For a pretty strong password, think 10. If your password contains 10 characters, you should be able to sleep well at night -perhaps for 19.24 years.
That's how long it would take hackers to try every combination of 10 characters, assuming that the password is encrypted and that the hackers have enough computing power to mount a 100-billion-guesses-a-second effort to break the encryption. But if your user names and passwords are sitting unencrypted on a server, you may not be able to sleep at all if you start contemplating the potential havoc ahead.
The hacker group LulzSec, for example, recently said it had gained access to Sony's servers, where it could get at names, home addresses and passwords for more than one million Sony customers: everything was stored in plain text form. It posted information for more than 37,000 user accounts.
Sony issued a statement saying that "we deeply regret and apologise for any inconvenience caused to consumers by this cybercrime."
Hackers would love to get their hands on a complete collection of all of your passwords, like those held at LastPass, a cloud-based password management service. At the instruction of its customers, LastPass stores user names and passwords on its server as each Web site is visited, then fills in everything automatically on subsequent visits.
LastPass reported last month that it had noticed some odd behaviour in its network traffic logs and might have suffered an online break-in.
Steve Gibson, a security expert and chief executive of the Gibson Research Corporation, a publisher of utility programmes for PCs, says he uses LastPass because its service adheres to his dictum that data "should be encrypted before it goes up to the cloud and then decrypted when it returns."
Gibson posted a Web page that allows visitors to see how long it would take for a computer to try every possible combination of letters, numbers and special symbols to crack an encrypted password.
Here's a little quiz: Which is the stronger password? "PrXyc.N54" or "D0g!!!!!!!"?

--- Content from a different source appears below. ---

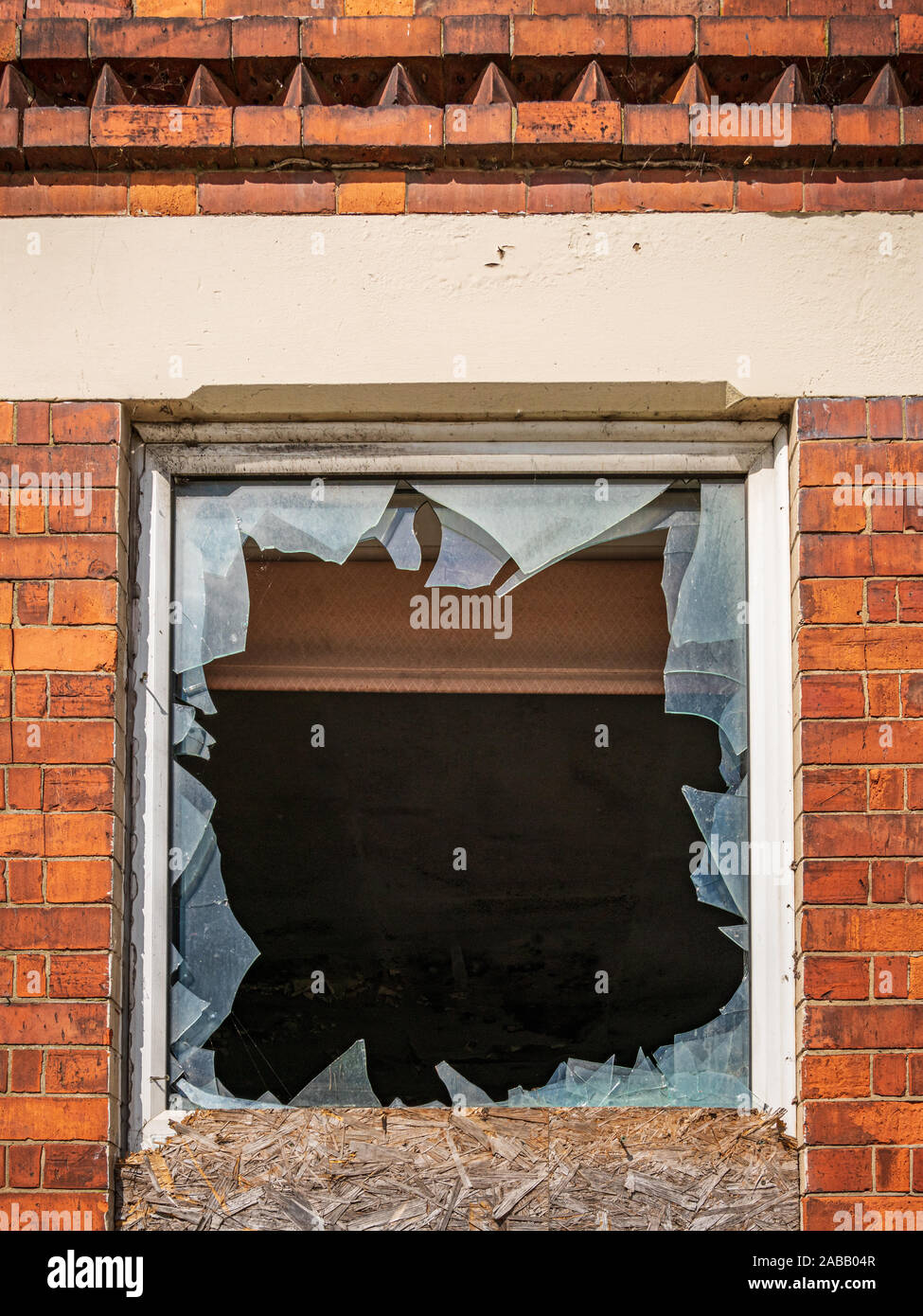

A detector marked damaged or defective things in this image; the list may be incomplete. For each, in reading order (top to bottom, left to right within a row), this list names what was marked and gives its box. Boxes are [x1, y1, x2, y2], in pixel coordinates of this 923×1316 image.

broken window [169, 479, 754, 1106]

The first one, with nine characters, is a beaut. Gibson's page says that it would take a hacker 2.43 months to go through every nine-character combination offline, at the rate of a hundred billion guesses a second. The second one, however, is 10 characters. That one extra character makes it much, much stronger: it would take 19.24 years at the hundred-billion-guesses-a-second rate. (Security researchers have established the feasibility of achieving these speeds with fairly inexpensive hardware.)
Don't worry about the apparent resemblance of "D0g," with a zero in the middle, to the word in the dictionary. That doesn't matter, "because the attacker is totally blind to the way your passwords look," Gibson writes on his Web site.
Gibson says that as long as the password is not on a list of commonly used passwords and is not found in a dictionary, the most important password factor is length.